Your objective =>
Find and copy the lines in the records beneath this task that contain the word "Hotel".

------ Record extracts ------

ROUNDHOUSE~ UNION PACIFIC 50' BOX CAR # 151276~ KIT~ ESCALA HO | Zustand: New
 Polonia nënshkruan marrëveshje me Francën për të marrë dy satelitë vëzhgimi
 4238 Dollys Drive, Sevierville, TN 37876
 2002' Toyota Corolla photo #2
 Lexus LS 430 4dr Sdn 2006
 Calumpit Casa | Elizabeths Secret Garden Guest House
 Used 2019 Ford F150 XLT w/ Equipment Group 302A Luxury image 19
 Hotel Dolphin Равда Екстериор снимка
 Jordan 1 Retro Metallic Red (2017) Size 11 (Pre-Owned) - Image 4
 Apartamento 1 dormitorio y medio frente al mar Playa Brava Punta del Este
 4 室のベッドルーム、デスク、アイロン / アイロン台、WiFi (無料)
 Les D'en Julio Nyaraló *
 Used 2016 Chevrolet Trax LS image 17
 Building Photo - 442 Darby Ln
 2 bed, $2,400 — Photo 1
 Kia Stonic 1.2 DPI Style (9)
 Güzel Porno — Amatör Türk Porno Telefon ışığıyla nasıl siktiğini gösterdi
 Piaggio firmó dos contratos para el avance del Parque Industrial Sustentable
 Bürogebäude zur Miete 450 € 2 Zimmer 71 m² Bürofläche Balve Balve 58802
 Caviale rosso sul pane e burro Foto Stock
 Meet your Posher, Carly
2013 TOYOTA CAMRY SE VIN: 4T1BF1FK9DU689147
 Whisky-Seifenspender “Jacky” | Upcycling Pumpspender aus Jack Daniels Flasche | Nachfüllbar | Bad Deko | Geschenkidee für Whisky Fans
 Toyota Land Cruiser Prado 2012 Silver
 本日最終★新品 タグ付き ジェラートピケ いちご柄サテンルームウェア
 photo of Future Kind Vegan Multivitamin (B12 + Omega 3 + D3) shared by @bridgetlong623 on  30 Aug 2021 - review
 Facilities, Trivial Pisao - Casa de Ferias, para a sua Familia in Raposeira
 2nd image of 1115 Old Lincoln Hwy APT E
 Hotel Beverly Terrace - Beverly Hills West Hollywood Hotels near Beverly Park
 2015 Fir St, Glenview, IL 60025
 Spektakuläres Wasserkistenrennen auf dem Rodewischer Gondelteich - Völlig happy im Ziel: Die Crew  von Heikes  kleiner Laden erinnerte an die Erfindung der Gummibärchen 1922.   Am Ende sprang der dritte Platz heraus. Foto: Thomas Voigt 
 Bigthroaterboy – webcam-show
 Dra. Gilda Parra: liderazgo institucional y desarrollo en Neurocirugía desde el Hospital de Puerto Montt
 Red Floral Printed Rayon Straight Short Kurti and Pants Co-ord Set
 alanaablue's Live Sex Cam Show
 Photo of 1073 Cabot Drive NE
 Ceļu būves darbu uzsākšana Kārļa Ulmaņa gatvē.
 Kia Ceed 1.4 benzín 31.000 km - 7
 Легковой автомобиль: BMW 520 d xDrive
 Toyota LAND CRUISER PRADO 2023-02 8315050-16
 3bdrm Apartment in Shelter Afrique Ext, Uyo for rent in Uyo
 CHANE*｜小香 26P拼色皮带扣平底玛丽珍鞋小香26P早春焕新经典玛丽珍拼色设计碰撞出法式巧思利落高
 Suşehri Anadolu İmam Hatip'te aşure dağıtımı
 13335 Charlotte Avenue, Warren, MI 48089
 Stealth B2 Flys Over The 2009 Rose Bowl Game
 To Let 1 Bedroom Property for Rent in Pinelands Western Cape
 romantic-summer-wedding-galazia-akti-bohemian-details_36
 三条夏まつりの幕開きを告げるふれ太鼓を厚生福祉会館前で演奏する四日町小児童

------

Expected answer =>
 Hotel Dolphin Равда Екстериор снимка
 Hotel Beverly Terrace - Beverly Hills West Hollywood Hotels near Beverly Park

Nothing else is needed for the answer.